> _Instructions to follow_
Copy out the lines beginning with the one that contains "MINI-WiFi -Wireless-Secruity-Camera,4K Real" and ending with the last line below, exactly as they stand. Pictures are not copied.

> _Data section_
※ ※ ※

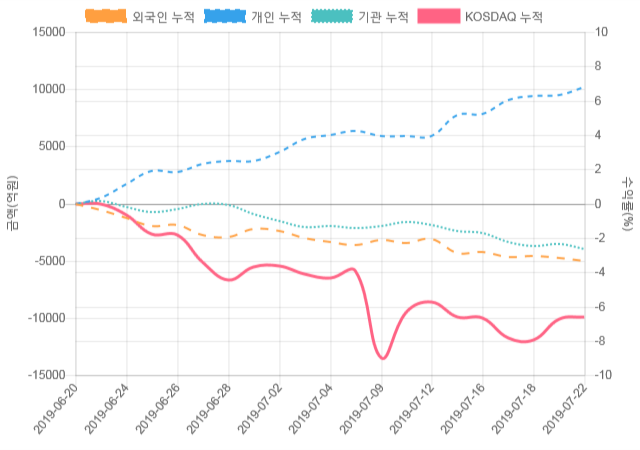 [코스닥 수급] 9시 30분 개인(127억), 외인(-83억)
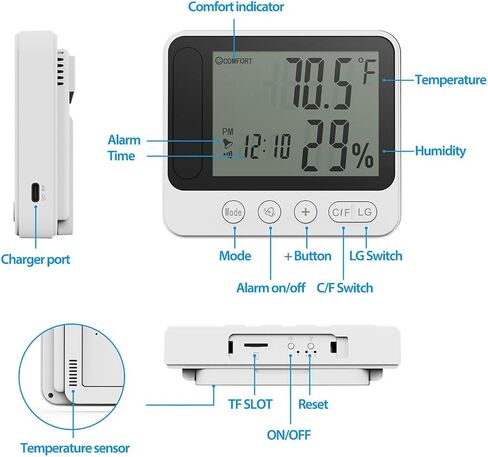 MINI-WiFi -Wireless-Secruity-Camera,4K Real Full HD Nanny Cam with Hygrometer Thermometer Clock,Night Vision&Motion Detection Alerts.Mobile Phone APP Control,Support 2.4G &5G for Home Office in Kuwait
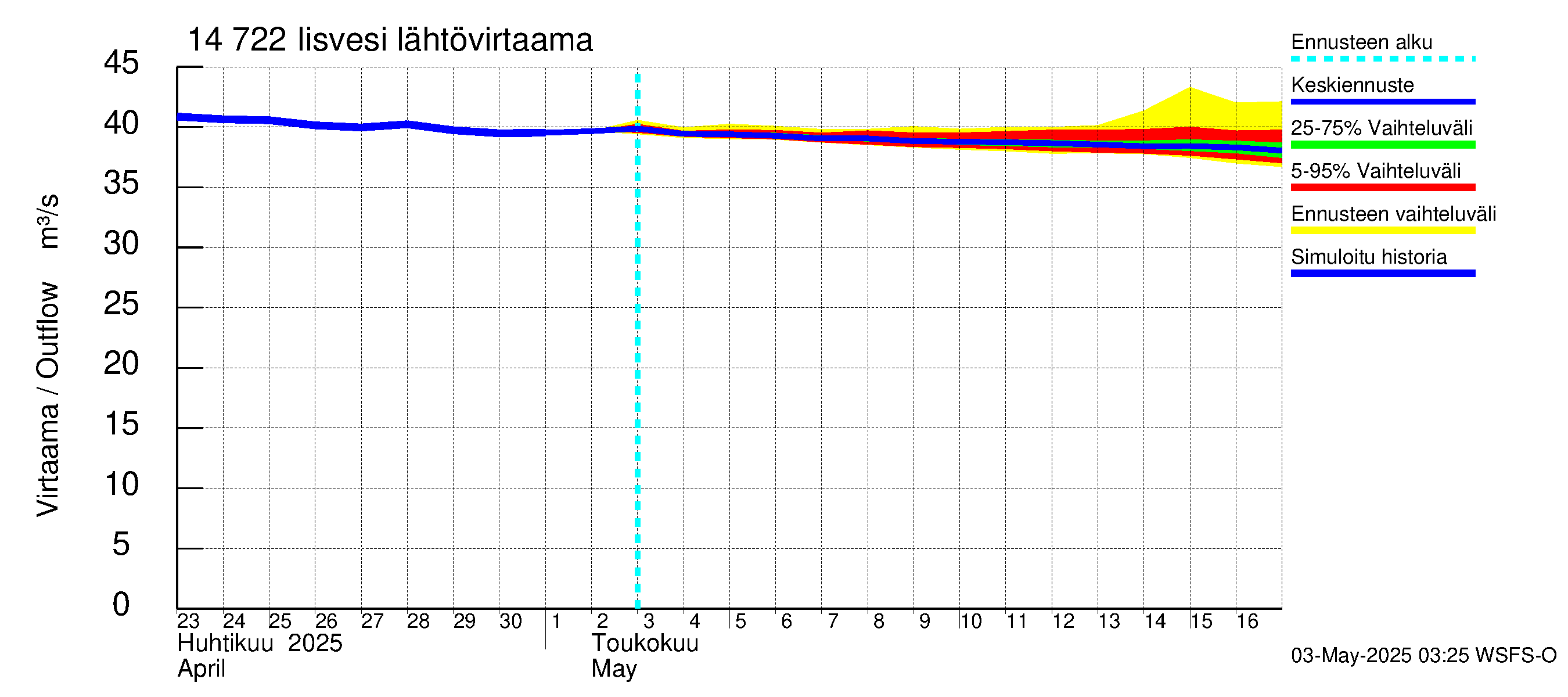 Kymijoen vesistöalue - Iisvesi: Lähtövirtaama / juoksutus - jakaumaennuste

※ ※ ※

> _Response area_
 MINI-WiFi -Wireless-Secruity-Camera,4K Real Full HD Nanny Cam with Hygrometer Thermometer Clock,Night Vision&Motion Detection Alerts.Mobile Phone APP Control,Support 2.4G &5G for Home Office in Kuwait
 Kymijoen vesistöalue - Iisvesi: Lähtövirtaama / juoksutus - jakaumaennuste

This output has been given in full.